Despite not actually having a live show at E3, Nintendo's Digital E3 conference was probably the most entertaining out of all of them. Yet not even a Muppet version of Shigeru Miyamoto could conceal the fact that the actual line-up was fairly weak.
Nintendo's headline act was Star Fox Zero, a new version of the space combat game coming to Wii U later this year. The emphasis seems to be on a much wider range of vehicles and stage types, with ground walkers squaring off against giant monsters, and deployable robots that can be lowered into secret areas like a sentient fishing hook. It looks typically Nintendo, with all the colour and joy you'd expect from the most fun gaming studio on the planet.
Aside from Star Fox, there were no massive announcements. Super Mario Maker - a game that enables you to create your own classic Mario levels - looks like an entertaining distraction, but I can't see it gaining the same traction as an actual Mario game. Nintendo also announced a new Metroid and a new Animal Crossing, but the former is a 3DS game sans-Samus, and the latter is a multiplayer boardgame thing for the Wii U.
What did get me excited, although I'm perfectly willing to accept it might just be me, was the announcement of a new Mario Tennis.

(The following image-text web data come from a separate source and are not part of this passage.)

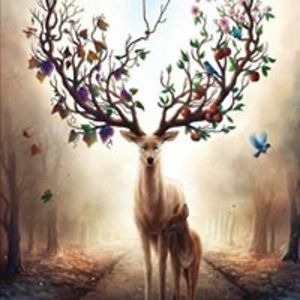 diann_daniel1952 avatar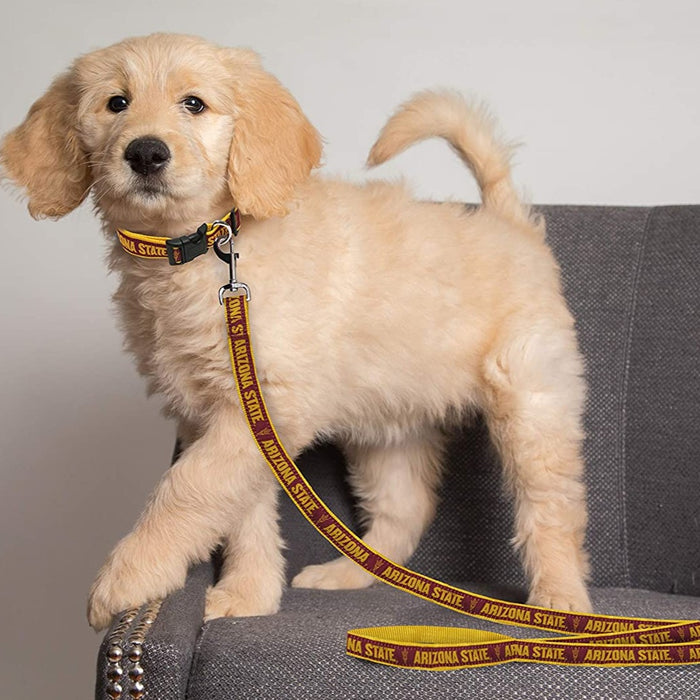 AZ State Sun Devils Dog Leash - 3 Red Rovers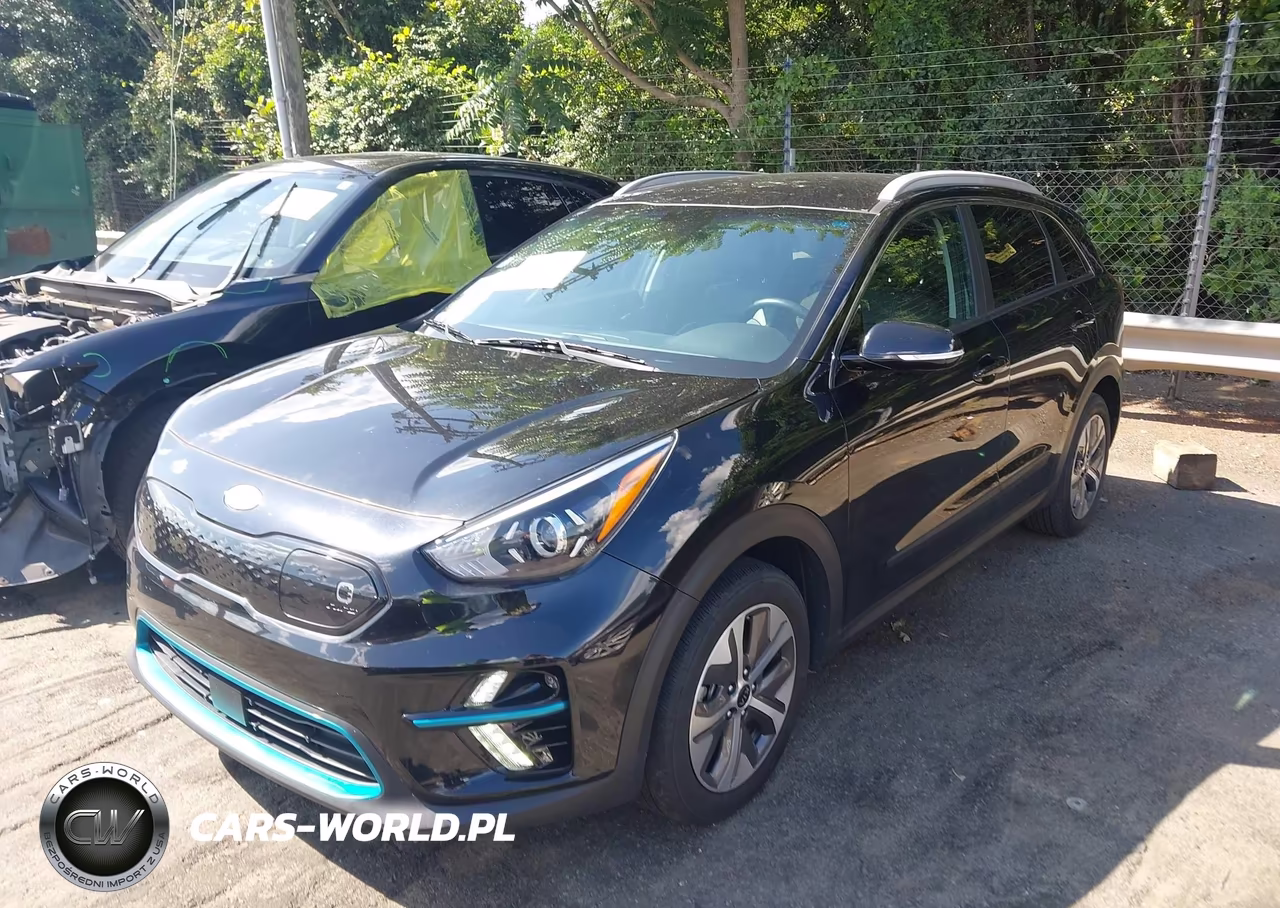 2021 Kia Niro Ev Ex VIN:KNDCC3LGXM5098493 - 2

I played loads of Mario Tennis with my brother when I was a teenager, so this set off all kinds of nostalgia bombs in my head. Other announcements included Yoshi's Wooly World, a bunch of Amiibo stuff, the critically acclaimed Hyrule Warriors for 3DS, and a new, co-op Zelda game also for 3DS.

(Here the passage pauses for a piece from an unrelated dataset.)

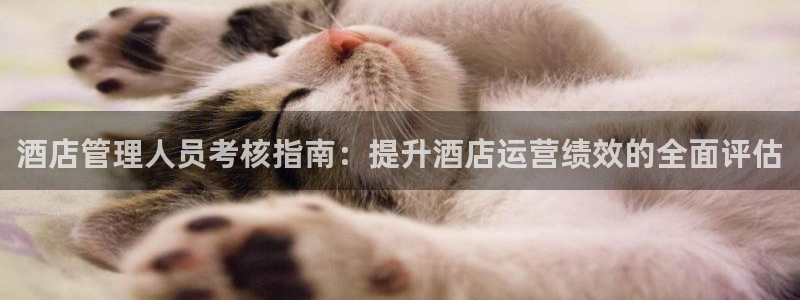 凯发k8全球最大的娱乐平台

But there was no further information on a 3D Zelda, a 3D Mario, or a traditional Metroid game. This is likely related to the enigmatic allusions to the Nintendo NX, a new gaming platform that the company are currently working on. The general consensus is that Nintendo are winding the Wii U down, which I'll be slightly annoyed by if so. Having seen games like Splatoon and Mario Kart 8 released in recent months, the Wii U is just starting to come into its own.
Square Enix easily had the weakest conference of the show, with long stretches of filler chat between the games that everyone actually wanted to see, punctuated by tiny flutters of painfully awkward applause. Still, it wasn't a complete disaster, with two or three big names strutting their stuff on the E3 stage.
First up was Just Cause 3, which sees the dictator-toppling series move to the Mediterranean. Location aside, it doesn't looked vastly different from JC2. Rico has slightly more aerial manoeuvrability thanks to a new wing-suit, and can apparently carry unlimited C4 now, just in case there weren't enough explosions for you in the first two games. But I reckon Avalanche is mainly focused on tightening up the slightly loose and floaty systems from the first game. If it succeeds, that will probably be enough.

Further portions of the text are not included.